(Minghui.org) Saya seorang praktisi Falun Dafa berusia 11 tahun. Saya mulai berkultivasi dengan nenek ketika saya berusia empat tahun. Saya bisa membaca Zhuan Falun sendiri ketika saya berusia tujuh tahun. Saya tahu memiliki banyak keterikatan, seperti mentalitas bersaing, iri hati, dan keterikatan pada kepentingan diri sendiri. Saya secara bertahap menyingkirkannya seiring dengan terus meningkatkan diri.

Suatu kali saya sangat ingin memenangkan kompetisi bercerita dongeng tradisional di kelas, tetapi seorang teman kelas berbicara dengan banyak teman kelas lainnya dan membuat mereka memilihnya. Ia akhirnya menang. Saya dipenuhi perasaan tidak adil. Saya lupa untuk melihatnya dari perspektif seorang kultivator dan membiarkan mentalitas bersaing dan iri hati mengambil alih. Sayang sekali saya tidak tahu bagaimana mencari ke dalam. Jika dipikir-pikir, itu sebenarnya kesempatan besar untuk meningkatkan diri. Mengapa saya tidak menyadari?

Setelah menyadari bahwa saya harus berperilaku seperti seorang kultivator dan menyingkirkan mentalitas bertarung, egois, dan keterikatan pada reputasi, konflik dengan teman-teman kelas mereda. Sekarang saya mampu mencari kesalahan dan keterikatan sendiri segera setelah konflik muncul. Saya memahami prinsip Fa lebih banyak seiring terus belajar Fa.

Suatu hari saya merasa haus saat mengantre untuk lompat tali di kelas pendidikan jasmani. Saya dan teman pergi minum air. Kami kembali ke tempat semula di antrean saat kembali. Seorang teman sekelas di belakang antrean berkata dengan sinis, “Kenapa kalian tidak antre di ujung antrean?” Teman saya menjawab, “Kami baru saja di sini beberapa saat yang lalu.” Mereka mulai berdebat satu sama lain. Itu berubah menjadi kekacauan besar. Saya juga kesal. Mentalitas yang suka bertengkar muncul.

Ibu saya memperhatikan bahwa saya tidak ingin makan malam hari itu dan bertanya mengapa.
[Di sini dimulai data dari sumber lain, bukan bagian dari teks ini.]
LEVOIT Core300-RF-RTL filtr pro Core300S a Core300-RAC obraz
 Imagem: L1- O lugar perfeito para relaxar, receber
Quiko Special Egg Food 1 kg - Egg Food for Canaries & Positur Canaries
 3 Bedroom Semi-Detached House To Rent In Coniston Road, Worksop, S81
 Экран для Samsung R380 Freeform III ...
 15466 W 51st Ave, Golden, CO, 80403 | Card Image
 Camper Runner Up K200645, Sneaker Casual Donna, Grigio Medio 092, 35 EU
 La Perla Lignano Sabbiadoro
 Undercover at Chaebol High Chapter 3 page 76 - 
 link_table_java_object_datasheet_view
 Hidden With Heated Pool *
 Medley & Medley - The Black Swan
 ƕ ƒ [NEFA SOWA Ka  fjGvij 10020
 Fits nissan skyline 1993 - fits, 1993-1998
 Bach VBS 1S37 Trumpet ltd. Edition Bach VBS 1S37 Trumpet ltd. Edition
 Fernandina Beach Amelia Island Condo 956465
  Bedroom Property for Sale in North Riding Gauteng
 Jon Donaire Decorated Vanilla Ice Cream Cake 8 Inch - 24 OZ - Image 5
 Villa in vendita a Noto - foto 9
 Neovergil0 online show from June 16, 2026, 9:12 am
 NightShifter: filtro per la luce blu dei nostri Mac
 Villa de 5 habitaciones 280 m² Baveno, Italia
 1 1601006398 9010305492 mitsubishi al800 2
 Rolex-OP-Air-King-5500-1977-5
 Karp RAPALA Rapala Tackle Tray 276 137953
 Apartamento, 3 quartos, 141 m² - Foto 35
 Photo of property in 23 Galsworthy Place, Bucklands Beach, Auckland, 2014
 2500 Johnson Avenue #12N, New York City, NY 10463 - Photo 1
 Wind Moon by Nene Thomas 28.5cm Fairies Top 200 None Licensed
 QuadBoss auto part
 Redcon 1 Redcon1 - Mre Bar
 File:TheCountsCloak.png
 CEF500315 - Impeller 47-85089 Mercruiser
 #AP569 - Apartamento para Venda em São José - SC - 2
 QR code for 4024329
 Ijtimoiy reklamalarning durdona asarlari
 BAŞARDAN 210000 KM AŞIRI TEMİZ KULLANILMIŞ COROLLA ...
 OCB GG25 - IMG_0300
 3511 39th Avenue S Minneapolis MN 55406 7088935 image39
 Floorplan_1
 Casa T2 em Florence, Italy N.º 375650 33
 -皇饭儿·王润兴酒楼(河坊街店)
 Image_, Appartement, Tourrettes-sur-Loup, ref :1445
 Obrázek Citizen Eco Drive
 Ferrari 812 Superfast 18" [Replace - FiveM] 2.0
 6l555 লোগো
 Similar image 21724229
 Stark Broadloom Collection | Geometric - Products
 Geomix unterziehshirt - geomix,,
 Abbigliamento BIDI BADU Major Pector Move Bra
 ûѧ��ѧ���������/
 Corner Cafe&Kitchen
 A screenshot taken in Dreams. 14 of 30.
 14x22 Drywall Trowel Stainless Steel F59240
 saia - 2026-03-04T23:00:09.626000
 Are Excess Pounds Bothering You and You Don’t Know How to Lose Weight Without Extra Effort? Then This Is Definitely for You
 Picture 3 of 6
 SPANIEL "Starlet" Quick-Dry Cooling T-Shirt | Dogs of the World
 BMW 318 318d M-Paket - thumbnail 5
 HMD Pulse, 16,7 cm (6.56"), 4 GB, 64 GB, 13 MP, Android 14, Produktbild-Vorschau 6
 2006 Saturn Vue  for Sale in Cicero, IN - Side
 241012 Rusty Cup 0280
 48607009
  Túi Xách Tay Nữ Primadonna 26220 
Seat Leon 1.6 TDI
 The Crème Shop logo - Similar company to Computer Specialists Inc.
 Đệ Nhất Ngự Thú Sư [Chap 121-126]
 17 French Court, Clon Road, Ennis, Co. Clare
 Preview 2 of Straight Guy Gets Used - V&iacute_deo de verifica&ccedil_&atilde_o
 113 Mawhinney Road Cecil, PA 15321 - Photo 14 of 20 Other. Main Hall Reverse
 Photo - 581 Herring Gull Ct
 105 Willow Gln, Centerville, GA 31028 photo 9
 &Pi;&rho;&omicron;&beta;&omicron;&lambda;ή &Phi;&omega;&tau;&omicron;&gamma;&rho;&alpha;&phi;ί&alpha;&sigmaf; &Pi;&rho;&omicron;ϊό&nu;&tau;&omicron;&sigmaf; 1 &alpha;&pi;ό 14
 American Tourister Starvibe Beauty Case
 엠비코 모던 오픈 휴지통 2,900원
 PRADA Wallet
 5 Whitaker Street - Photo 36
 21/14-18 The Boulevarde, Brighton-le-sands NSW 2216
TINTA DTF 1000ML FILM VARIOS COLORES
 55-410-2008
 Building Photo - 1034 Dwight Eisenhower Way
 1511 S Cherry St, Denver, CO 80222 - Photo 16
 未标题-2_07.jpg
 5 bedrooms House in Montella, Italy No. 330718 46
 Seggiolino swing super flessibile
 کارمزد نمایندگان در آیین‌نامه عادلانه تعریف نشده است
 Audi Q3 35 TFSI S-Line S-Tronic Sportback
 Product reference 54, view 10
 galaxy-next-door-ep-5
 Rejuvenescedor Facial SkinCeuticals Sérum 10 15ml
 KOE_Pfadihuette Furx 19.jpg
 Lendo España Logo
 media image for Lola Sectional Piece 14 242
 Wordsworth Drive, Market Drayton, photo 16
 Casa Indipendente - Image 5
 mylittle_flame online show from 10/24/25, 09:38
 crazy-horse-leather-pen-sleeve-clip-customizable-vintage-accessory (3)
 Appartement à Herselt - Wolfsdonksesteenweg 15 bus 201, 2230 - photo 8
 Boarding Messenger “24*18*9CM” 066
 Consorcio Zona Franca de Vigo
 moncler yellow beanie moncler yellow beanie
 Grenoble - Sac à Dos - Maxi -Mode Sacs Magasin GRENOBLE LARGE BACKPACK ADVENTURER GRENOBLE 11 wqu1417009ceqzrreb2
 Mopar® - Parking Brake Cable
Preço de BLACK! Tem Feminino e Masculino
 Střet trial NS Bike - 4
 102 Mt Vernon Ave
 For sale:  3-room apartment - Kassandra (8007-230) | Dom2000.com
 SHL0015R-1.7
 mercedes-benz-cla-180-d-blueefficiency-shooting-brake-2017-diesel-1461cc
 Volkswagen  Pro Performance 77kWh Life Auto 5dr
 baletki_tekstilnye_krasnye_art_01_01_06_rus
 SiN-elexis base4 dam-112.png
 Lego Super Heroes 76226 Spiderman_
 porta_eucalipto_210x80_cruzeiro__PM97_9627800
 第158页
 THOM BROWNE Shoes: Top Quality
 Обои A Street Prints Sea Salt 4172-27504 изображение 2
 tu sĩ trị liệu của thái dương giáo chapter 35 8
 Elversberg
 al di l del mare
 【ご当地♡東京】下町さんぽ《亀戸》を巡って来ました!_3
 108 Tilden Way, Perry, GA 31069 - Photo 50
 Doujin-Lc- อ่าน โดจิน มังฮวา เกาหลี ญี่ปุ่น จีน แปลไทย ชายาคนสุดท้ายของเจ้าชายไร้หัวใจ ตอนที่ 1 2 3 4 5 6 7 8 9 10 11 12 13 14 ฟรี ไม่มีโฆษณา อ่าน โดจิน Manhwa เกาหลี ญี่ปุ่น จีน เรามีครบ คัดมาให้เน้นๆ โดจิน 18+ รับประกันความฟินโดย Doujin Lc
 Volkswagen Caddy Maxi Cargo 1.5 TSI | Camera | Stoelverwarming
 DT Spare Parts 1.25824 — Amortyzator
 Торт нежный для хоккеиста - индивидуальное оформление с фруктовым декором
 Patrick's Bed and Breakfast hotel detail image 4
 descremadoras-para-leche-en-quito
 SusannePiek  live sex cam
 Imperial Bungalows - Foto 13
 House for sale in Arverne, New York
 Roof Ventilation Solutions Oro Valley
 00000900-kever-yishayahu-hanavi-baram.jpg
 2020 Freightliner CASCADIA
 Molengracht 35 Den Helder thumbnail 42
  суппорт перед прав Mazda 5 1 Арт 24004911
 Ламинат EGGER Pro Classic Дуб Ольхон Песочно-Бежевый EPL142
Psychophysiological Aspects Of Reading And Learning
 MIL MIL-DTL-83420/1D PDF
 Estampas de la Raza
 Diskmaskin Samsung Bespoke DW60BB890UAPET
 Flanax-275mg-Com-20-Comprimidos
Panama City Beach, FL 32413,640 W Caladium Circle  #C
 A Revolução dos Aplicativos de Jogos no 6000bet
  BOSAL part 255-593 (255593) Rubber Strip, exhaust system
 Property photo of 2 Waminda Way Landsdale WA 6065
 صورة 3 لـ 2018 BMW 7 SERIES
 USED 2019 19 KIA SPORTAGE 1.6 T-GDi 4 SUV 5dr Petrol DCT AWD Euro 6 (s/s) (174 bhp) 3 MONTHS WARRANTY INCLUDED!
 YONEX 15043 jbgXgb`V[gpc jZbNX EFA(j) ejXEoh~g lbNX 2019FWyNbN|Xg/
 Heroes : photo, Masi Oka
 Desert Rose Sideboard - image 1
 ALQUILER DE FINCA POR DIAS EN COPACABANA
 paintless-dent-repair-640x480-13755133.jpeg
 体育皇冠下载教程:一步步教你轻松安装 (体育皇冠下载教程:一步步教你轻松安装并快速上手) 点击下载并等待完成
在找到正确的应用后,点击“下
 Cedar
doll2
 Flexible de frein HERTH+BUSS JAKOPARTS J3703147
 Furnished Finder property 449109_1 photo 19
Saya menceritakan apa yang terjadi di sekolah. Ibu mendorong saya untuk memancarkan pikiran lurus bersamanya. Saya lakukan. Kami berdiskusi setelah itu. Saya menemukan mentalitas suka bertengkar, kebencian, dan iri hati. Saya memutuskan untuk menyingkirkannya. Perasaan buruk hilang setelah itu. Saya makan malam dengan gembira. Terima kasih, Guru!

Suatu hari beberapa bulan yang lalu, saya melihat poster baru di lorong sekolah kami. Isi pada poster itu memfitnah Guru. Saya merobeknya dan membuangnya ke tempat sampah. Tiba-tiba saya merasa lega, karena saya senang melindungi Guru yang belas kasih dan mencegah orang-orang tertipu oleh kebohongan. Terima kasih, Guru!

Saya sangat beruntung menjadi seorang praktisi muda Falun Dafa dan terhindar dari ide-ide yang merosot di masyarakat. Saya memperlakukan diri saya sebagai seorang kultivator, mencari ke dalam, memperbaiki diri, dan dengan teguh menempuh jalan kultivasi seperti yang telah diatur oleh Guru.

Sekali lagi terima kasih, Guru!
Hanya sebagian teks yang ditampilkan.